Ebenso resultiert die Naturverbundenheit des „Wandervogels“ Claudius nicht aus einem romantischen Pantheismus, sondern ist schöpfungstheologisch motiviert. Die Natur ist die Schöpfung Gottes und nur als solche fasziniert sie. In der Natur erlebt sich der Mensch als das, was er in diesem christlichen Sinne ist: ein Geschöpf Gottes.
Darum liebt und lobt Claudius den Tag, die Nacht, Frühling und Herbst, die Sonne, den Mond. Zu Tier und Pflanze hat er ein persönliches Verhältnis.

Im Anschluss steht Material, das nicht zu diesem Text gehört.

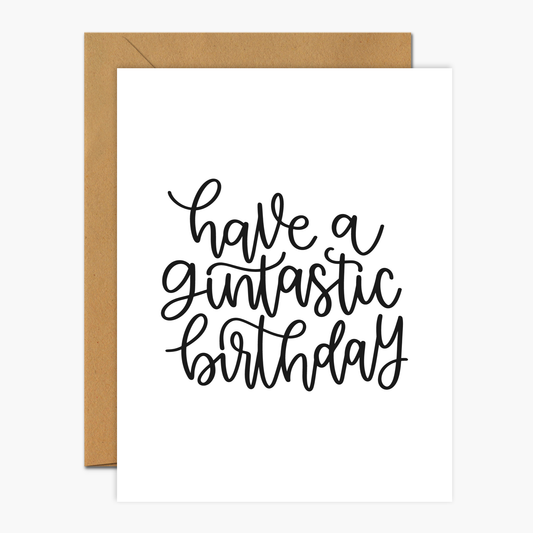 Have A Gintastic Birthday Birthday Greeting Card | Footnotes Paper
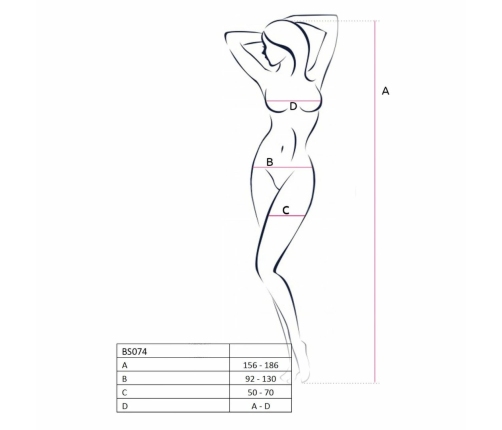 Passion BS074 Seamless Lace Catsuit White - Elegant Mesh Bodysuit One Size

Angesichts der Wunder der Natur übt sich der anschauende Mensch in Bescheidenheit.

„Ich glaube an einen ewigen Sinn aller Schöpfung und weiß, daß wir ihn niemals erfassen werden und nicht erfassen sollen. Es liegt aber ein Ahnden davon in unserer Seele, wenn wir danach in uns zu horchen wissen. Hier ruht der Urgrund alles menschlichen Schöpfertums und jedweder Kunst.“ (Ahnen und Heimat, 1933)

Hermann Claudius weiß sich als Christ getragen von seinem Glauben an Gott und die Erlösung durch Jesus Christus. Viele seiner Gedichte geben Ausdruck von einem tiefen Gottvertrauen, mit dem der Lyriker in der Welt steht, aber zu seinem Gott schaut.

Fuge

Ich will und muß dem einen Gott vertrauen,
der sich so tief in uns verborgen hält,
als wäre diese Welt nicht Seine Welt.

Ich will und muß auf Seine Weisheit bauen,
die sich mit unserer so sehr entzweit,
als wäre Seine Zeit nie unsere Zeit.

Und ob wir rückwärts, ob wir vorwärts schauen,
und ob uns Freude schüttelt oder Grauen:
Er war und ist. Und Er wird ewig sein.
Wir aber schreiten durch Ihn aus und ein.